At one of our customers we have the following query that runs several hours:
- SELECT DISTINCT [INSERTTIMESTAMP] FROM DATATABLE WHERE [INSERTTIMESTAMP] NOT IN (SELECT [INSERTTIMESTAMP] FROM CTRLTABLE WHERE TARGET_TABLENAME = 'source_01' )
The query gets the distinct insert timestamps of DATATABLE that has not already been used in CTRLTABLE. The query is used for determining in a process flow which data has not already been processed. After processing the data the processed data would be inserted in the CTRLTABLE. The DATATABLE has about 40 million rows. The CTRLTABLE has about 400 rows. The execution plan of this query is shown below: In my opinion it is not advisable to use a not-in-construct in a where clause. If you can avoid it, you should avoid it. In this case you can rewrite the query by using a left outer join:
- SELECT DATATABLE.[INSERTTIMESTAMP] FROM DATATABLE LEFT OUTER JOIN CTRLTABLE ON DATATABLE.[INSERTTIMESTAMP] = CTRLTABLE.[INSERTTIMESTAMP] AND CTRLTABLE.TARGET_TABLENAME = 'source_01' WHERE CTRLTABLE.[INSERTTIMESTAMP] IS NULL GROUP BY DATATABLE.[INSERTTIMESTAMP]

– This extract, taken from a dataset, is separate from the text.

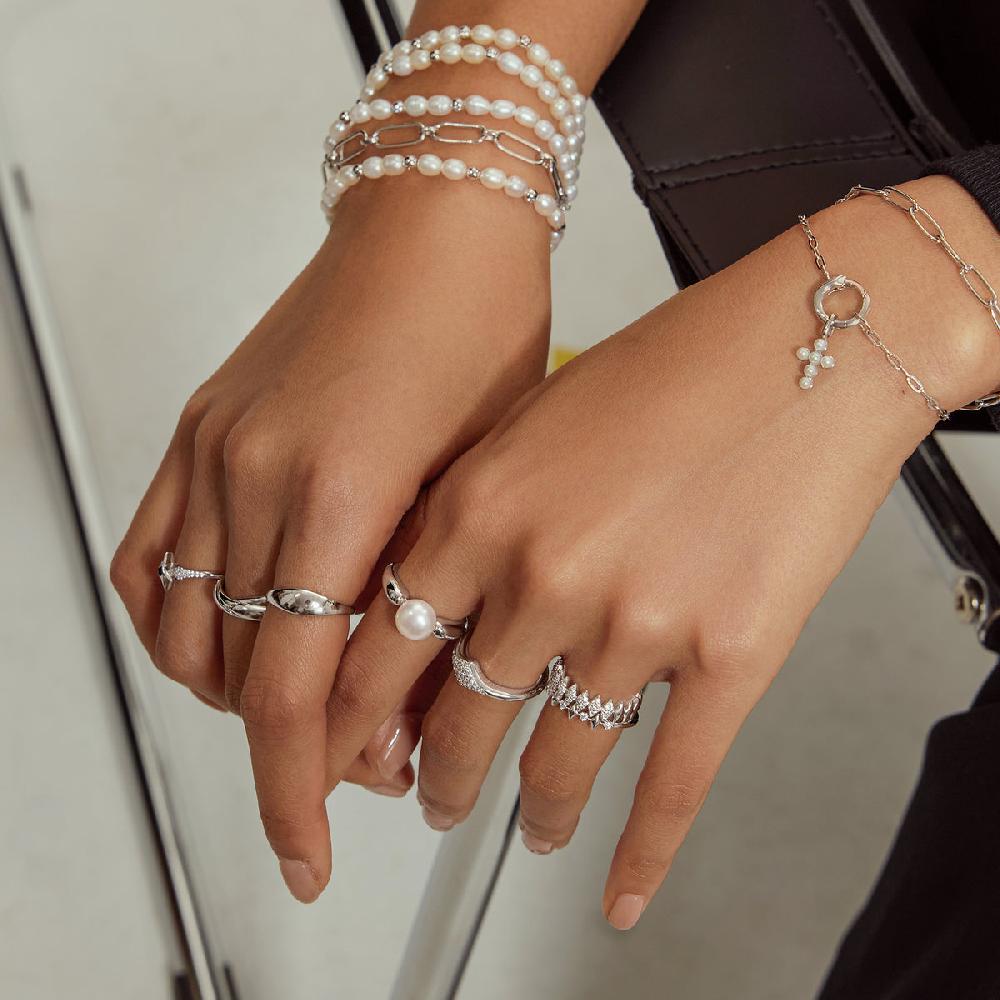 Ania Haie Silver Half Pavé Sparkle Ring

Please note that the filter condition for target_tablename must be used in the on-clause and not in the where-clause. Otherwise we would always get an empty answer set because target_tablename cannot be null and „source_01“ at the same time.
The group by clause is used in order to get distinct values.
The execution plan for the rewritten query looks like this: The new execution plan looks simpler and the query runs only in about 10 seconds instead of several hours.